Un contre-la-montre plus que piégeux
Le contre-la-montre inaugural du Tour de France a fait des victimes au sein du peloton. Sur un parcours technique et sur une chaussée détrempée, les peintures signalétiques au sol s’apparentaient à de vraies patinoires. Ces conditions n’ont pas été sans conséquences. C’est malheureusement l’image de cette première étape; la chute impressionnante d’Alejandro Valverde (Movistar), contraint à l’abandon. Le lieutenant de Nairo Quintana est vraisemblablement a été touché à la rotule. Saison terminée pour l’espagnol. Cas similaire pour son compatriote et leader du team Bahrain-Merida, Ion Izagirre, qui a chuté sur cette première étape pluvieuse. Deux leaders ont conséquemment déjà dû quitter la course sur cette 104e édition.
Marcel Kittel déjà roi
En remportant sur cette première semaine trois des quatre étapes dédiées au sprinteur, l’allemand Marcel Kittel (Quick Step-Floors) s’affiche comme LE sprinteur de ce Tour de France. Loin des chutes, des sprints houleux et des disqualifications, il a su faire parler sa puissance et son incroyable pointe de vitesse. Avec le maillot vert sur ses épaules après 9 étapes ainsi qu’une adversité qui tend à décroître (abandon de Mark Cavendish, disqualification d’Arnaud Démare et exclusion de Peter Sagan), Marcel Kittel pourrait bien continuer à étoffer son palmarès (12 victoires sur le Tour de France) sur les routes de juillet. Avec trois victoires déjà enlevées et un statut de favori pour les sprints massifs, l’allemand est en pôle position pour la tunique verte qu’il porte actuellement. Le prochain grand rendez-vous pour les “gros bras” du peloton est mardi avec une arrivée à Bergerac qui ne devrait pas leur échapper.

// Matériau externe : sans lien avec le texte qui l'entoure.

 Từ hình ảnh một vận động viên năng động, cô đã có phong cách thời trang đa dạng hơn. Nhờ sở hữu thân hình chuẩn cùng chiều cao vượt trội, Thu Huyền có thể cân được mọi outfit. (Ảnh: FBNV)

Arnaud Démare s’offre son premier bouquet sur le Tour
À Vittel, personne n’a pu résister à Arnaud Démare (FDJ). Avec le maillot tricolore sur les épaules, il s’est imposé pour la première fois de sa jeune carrière sur les routes de la Grande Boucle. Après un sprint houleux, “Nono” (surnom affectif donné par Marc Madiot à Arnaud Démare) a pris le meilleur de Peter Sagan (Bora-Hansgrohe) et d’Alexander Kristoff (Katusha-Alpecin). Endossant par la même occasion la tunique verte, le français a fait coup double à Vittel, ville natale de son grand ennemi Nacer Bouhanni (Cofidis). Mais les premières étapes de haute montagne ont eu raison du français. Malade au plus mauvais moment de la semaine, il n’a pu rallier l’arrivée dans les délais à Chambéry.
Sagan injustement exclu ?
L’arrivée de la troisième étape à Vittel a fait crier le monde du cyclisme. La première victoire française de ce Tour de France en est pour quelque chose, mais pas exclusivement. Le sprint houleux a fait des victimes et le responsable désigné a eu une sanction plus que discutable: l’exclusion. Peter Sagan (Bora-Hansgrohe), victorieux la veille à Longwy, est pointé du doigt par les commissaires. Serait-il responsable de la chute de Mark Cavendish ? Sur les vidéos à vitesse réelle et sans vraiment chercher minutieusement le fautif, il n’y a aucun doute. Peter Sagan donne bien un coût de coude à Mark Cavendish, qui l’envoie directement dans les barrières. Mais le britannique n’a-t-il pas était trop audacieux en tentant de se faufiler entre le champion du monde et les barrières de sécurité ? N’a-t-il lui-même pas provoqué son propre déséquilibre ? Si on regarde les images de beaucoup plus près, il semblerait que ces hypothèses soient vérifiées. Déséquilibré par sa propre responsabilité, Mark Cavendish se couche alors légèrement sur le Slovaque qui cherche donc à se rééquilibrer en désaxant son coude vers l’extérieur. Subtil mais capital. Les commissaires auraient donc pris une décision à la va-vite ? Difficile à croire. La sanction a été prise en deux temps. Une première déclassait Peter Sagan de l’étape, puis quelques heures plus tard l’excluait du Tour. Décision inexplicable qui s’avère très sévère.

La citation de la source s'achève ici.